03 July 2013

Egypt: Coup de grace

Responding to the demands of millions of protesters while ignoring those of millions of others, the Egyptian army has declared President Morsi deposed, suspended the constitution and taken steps to suppress Morsi's Muslim Brotherhood supporters. They have taken TV stations sympathetic to Morsi off the air and arrested some of the staff. Morsi refuses to acknowledge his overthrow but his power to influence events appears limited. Many observers conclude that he brought events upon himself by violating the constitution and attempting to monopolize power. Yet today's events seem to disprove at least part of the case against Morsi. At the least, he clearly had not consolidated power to the extent that he could prevent the army from acting as it has, much less use it against his own enemies. Egypt has seen a preventive coup d'etat, on the suspicion that Morsi and the Brotherhood were conspiring to acquire dictatorial power. But the Muslim Brotherhood is more than a conspiracy. It's a mass movement representing millions of Egyptians who must now think themselves as completely shut out of power as their enemies feared they would be eventually. It may well be that the Brotherhood will need to be destroyed if Egypt is ever to have a stable democratic system, but that stability would certainly come at a high price. Again, my sympathy with an Islamist movement is automatically limited, but I still can't shake the feeling that this week's tumult has been a triumph of bad faith. Without pleading Morsi's innocence, we can still suspect that many Egyptians never gave him any benefit of the doubt, despite the apparent legitimacy of his election. Ideological and sectarian biases almost inevitably rendered Morsi a dictator in the making in the eyes of those most opposed to his agenda. It's one thing to be vigilant against encroachments on our rights, and another to assume reflexively that someone who disagrees with you politically will encroach on your rights. A pluralist democracy cannot survive while such assumptions prevail. Egypt's democratic revolution will not be complete until parties or interest groups no longer feel the need to continue their campaigns in the streets after the election, after the inauguration, etc. Instead, the revolution continues, and today it has devoured one of its own.

8 comments:

Anonymous said...

I think the Egyptians have a far better perspective on who Morsi is and what he stands for. If the Muslim Brotherhood is like the Taliban - seeking to impose Sharia law upon those who don't wish it, then they should be barred from power.

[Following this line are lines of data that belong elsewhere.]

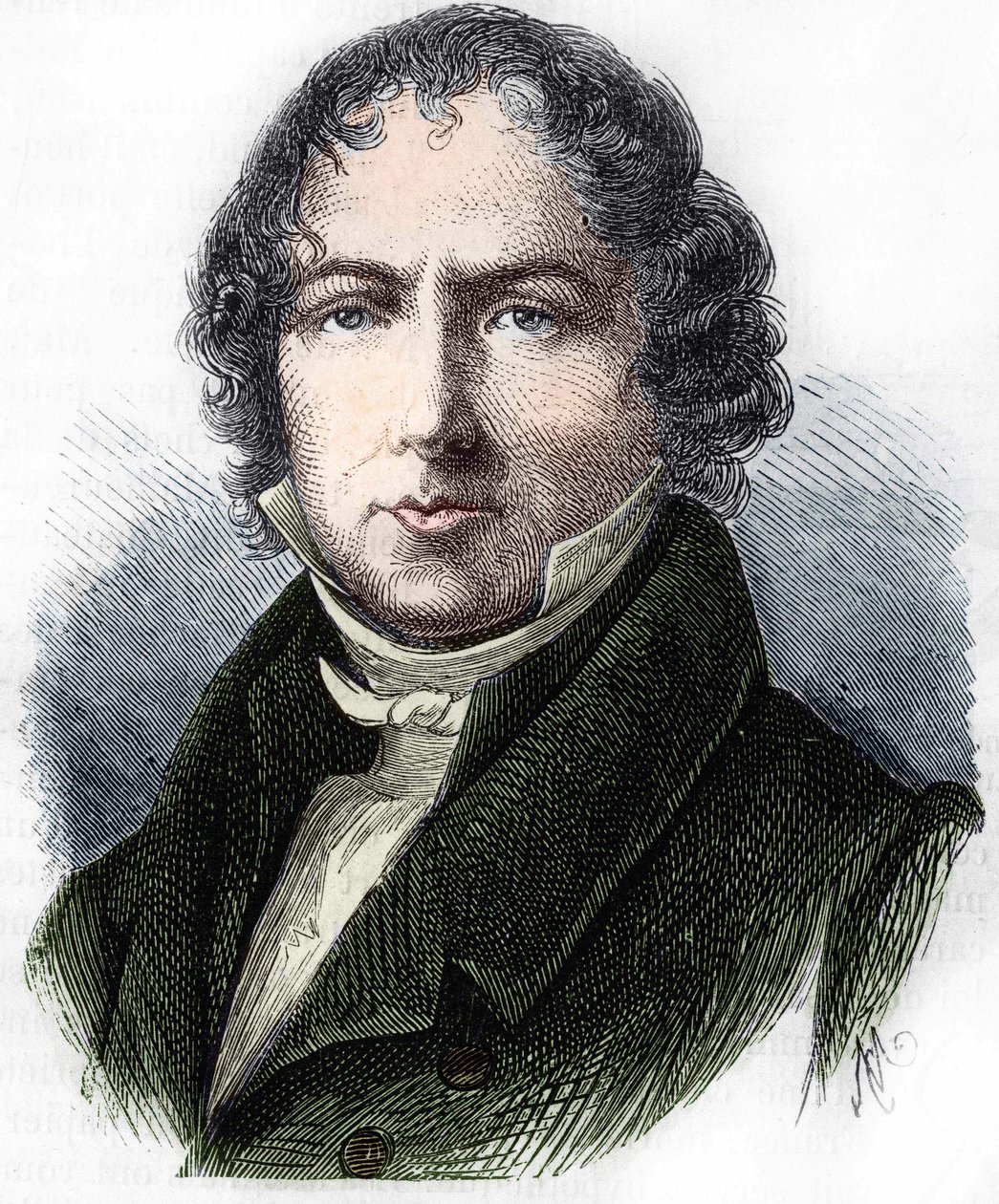 Portræt af Jean-Baptiste Biot (1744 - 1862), fransk kemiker. af Unknown artist
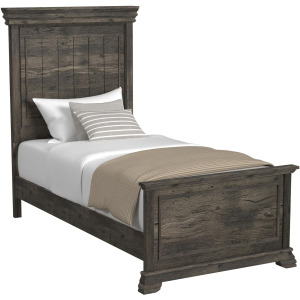 Park Ridge Panel Bed in Charcoal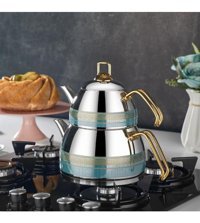 Özlife Ela 167 Çelik Çaydanlık Altın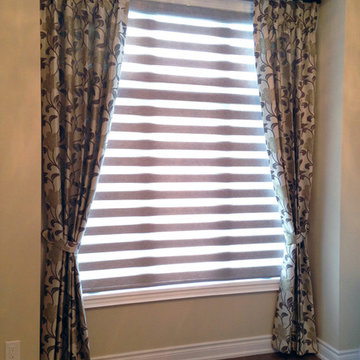 Blinds and Drapes Side panel combinations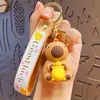Novo Pingente Chaveiro Série Tartaruga Capivara Desenho Animado Mochila Carro Pingente Chaveiro Presente Atacado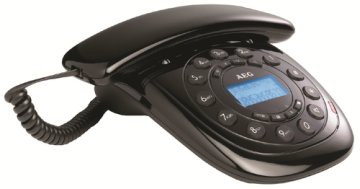 AEG Style 12 Telefono analogico Identificatore di chiamata Nero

After all, any individual has a right to live their own life according to those principles. There is no necessity to impose it upon other people.

Samuel Wilson said...

One way in which Morsi, at least, differed from the Taliban is that he stood for an election rather than seizing power by violence. If a critical mass of Egyptians refuses to have sharia imposed on them by duly elected leaders, they had better make that clear in their constitution. Whether a constitution with that clause could be ratified by the Egyptian masses is another story...

Anonymous said...

Well, there must be some reason he has been accused of attempting to set up a despotism. If it were simply a small number of dissidents, I'd give him the benefit of the doubt, but since it seems to be millions of people - as well as the military - there must be some basis.

Neither you or I are there, so we can only surmise, but I would have to give the benefit of the doubt to the people of Egypt, rather than a member of a conservative pro-ismlamic group. Although I will it admit it is because I detest Islam (along with every other power structure posing as a monotheistic religion.

Sometimes I think we should just nuke Mecca, Jerusalem and the Vatican and be done with religion once and for all.

Samuel Wilson said...

I don't presume Morsi innocent, but as an American I grow cynical when any bunch of people loudly accuse another political party of despotic intentions.

Anonymous said...

In a nation where the majority rulers of the past, oh, few thousands years have been despots. . .

Samuel Wilson said...

Until last year Egypt had "majority" rulers only in the passive sense of mass acquiescence. If they want to avoid a cycle of elections-coup-elections-coup they either need a more ironclad constitution, perhaps even on the American model if they're that afraid of majority tyranny, or else they have to start trusting elected leaders. And if a large number of Egyptians can't trust the Muslim Brotherhood, perhaps they should destroy it once and for all while "revolutionary" conditions still apply.

Anonymous said...

I agree. But they should also consider eliminating any faction that is (more-or-less) a puppet of outside forces.

Samuel Wilson said...

Crhymethinc, the problem with that recommendation, well-meaning as it is, is that many in Egypt see the anti-Morsi movement as foreign backed, the backing allegedly coming from the Saudis who, despite their own fundamentalism, saw the Brotherhood as a model for something that could threaten their regime. Meanwhile, the anti-Morsi people are, if not anti-American, at least hostile to the Obama administration, presumably because the U.S. dared treat Morsi as a legitimate leader for any period of time. In this volatile environment, each side can accuse all others of having foreign puppet-masters.